Maximum Likelihood Method

About

Maximum Likelihood Method estimates parameters by maximizing the probability of observing the given data, assuming a specific probability distribution for the process.

Core Concept

The likelihood function $L(\theta |Y_1,\dots ,Y_n)$ is the joint probability density viewed as a function of parameters $\theta$, with data fixed.

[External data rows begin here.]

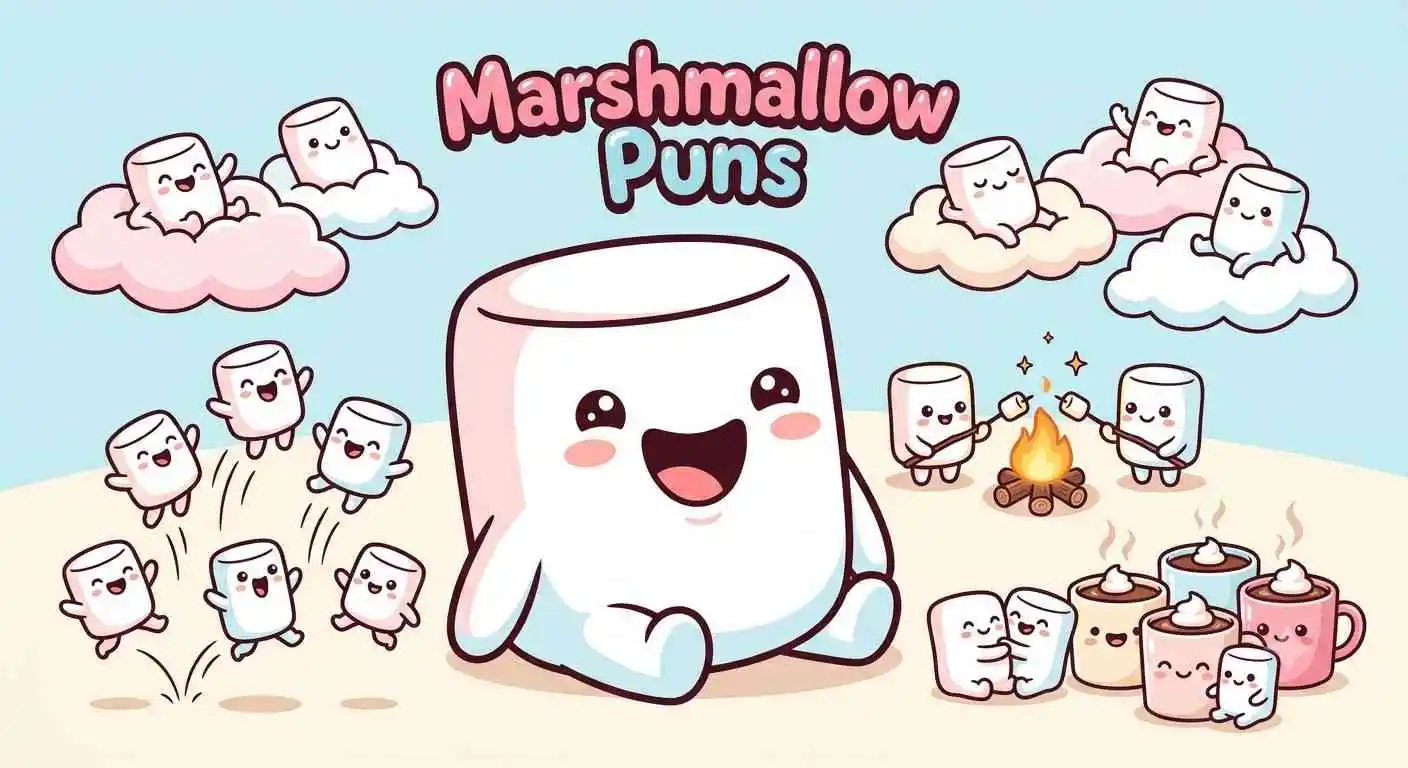 Cute marshmallow characters having fun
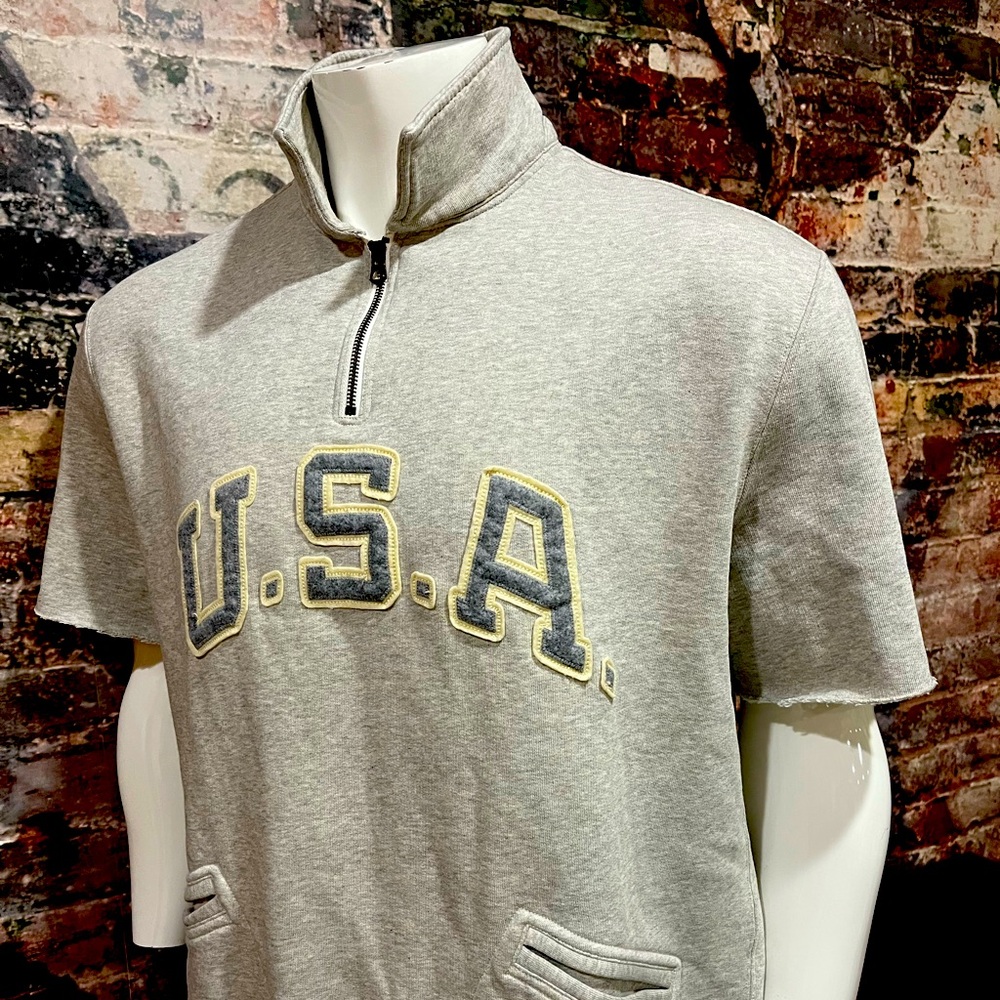 NEW USA Polo Ralph Lauren Rare short sleeve half zip Gray Varsity Sweat Top - Picture 3 of 7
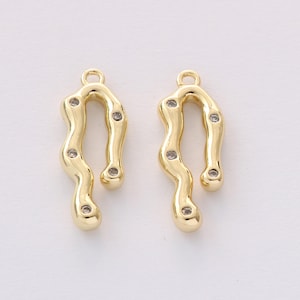 Real Gold Plated Brass U Shape Charm, Cubic Horseshoe Charm,CZ U Shape Charm, Jewelry Making，DIY Earring Material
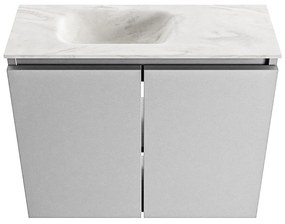 Mondiaz Ture DLux toiletmeubel 60cm plata met wastafel ostra links met kraangat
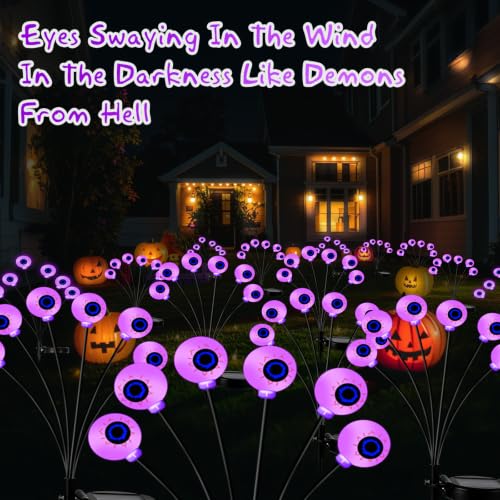 Solar Purple Eyeball Lights - Outdoor Halloween Yard Decor, Waterproof Swaying Firefly Scene Set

$L(\theta )=f(Y_1,Y_2,\dots ,Y_n|\theta )$

The maximum likelihood estimator (MLE) is:

$\hat{\theta }=\arg {\max }_{\theta }L(\theta )$

Usually, maximize $\log L(\theta )$ for computational convenience.

Advantages

• Uses all information in the data (not just moments)
• Asymptotically efficient (lowest variance)
• Consistent and asymptotically normal
• Works well for large samples

Limitations

• Requires specification of full distributional form
• Computationally intensive for complex models

Example: AR(1) Model

Assume white noise $e_t\sim \text{NIID}(0,{\sigma }_e^2)$.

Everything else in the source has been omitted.